- [TASK GOAL]:
Would you return, word for word, the lines of the data below from the line with "Christmas Pendants Santa" through the line with "Löst plisserade off", and no others?

- [SUPPLIED RECORDS]:

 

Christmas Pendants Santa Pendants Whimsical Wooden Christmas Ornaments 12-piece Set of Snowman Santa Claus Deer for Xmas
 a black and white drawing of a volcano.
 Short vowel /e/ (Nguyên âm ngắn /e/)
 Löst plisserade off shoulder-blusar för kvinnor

==

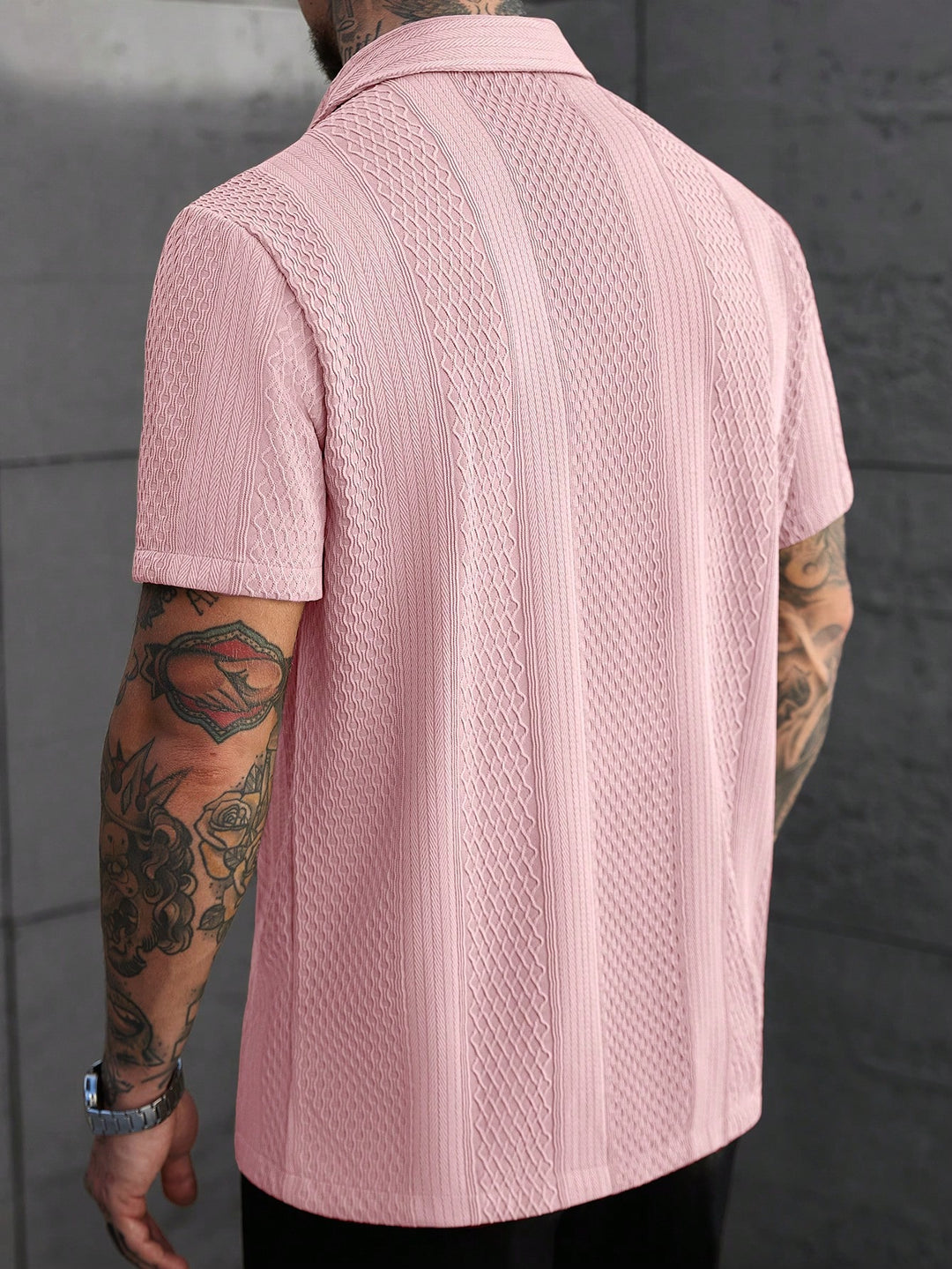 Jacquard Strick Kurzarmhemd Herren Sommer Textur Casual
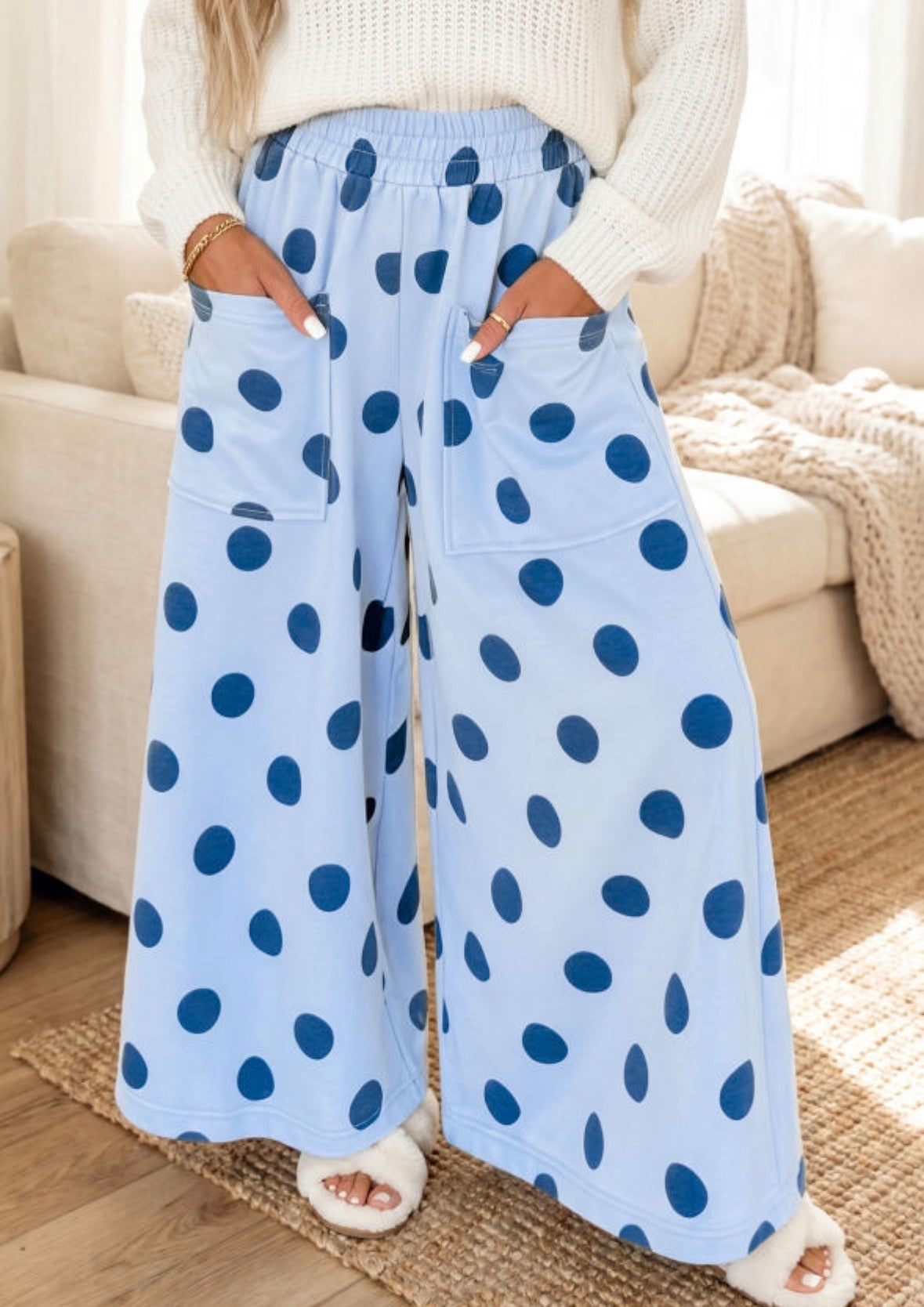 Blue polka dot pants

- [RESPONSE BOX]:
Christmas Pendants Santa Pendants Whimsical Wooden Christmas Ornaments 12-piece Set of Snowman Santa Claus Deer for Xmas
 a black and white drawing of a volcano.
 Short vowel /e/ (Nguyên âm ngắn /e/)
 Löst plisserade off shoulder-blusar för kvinnor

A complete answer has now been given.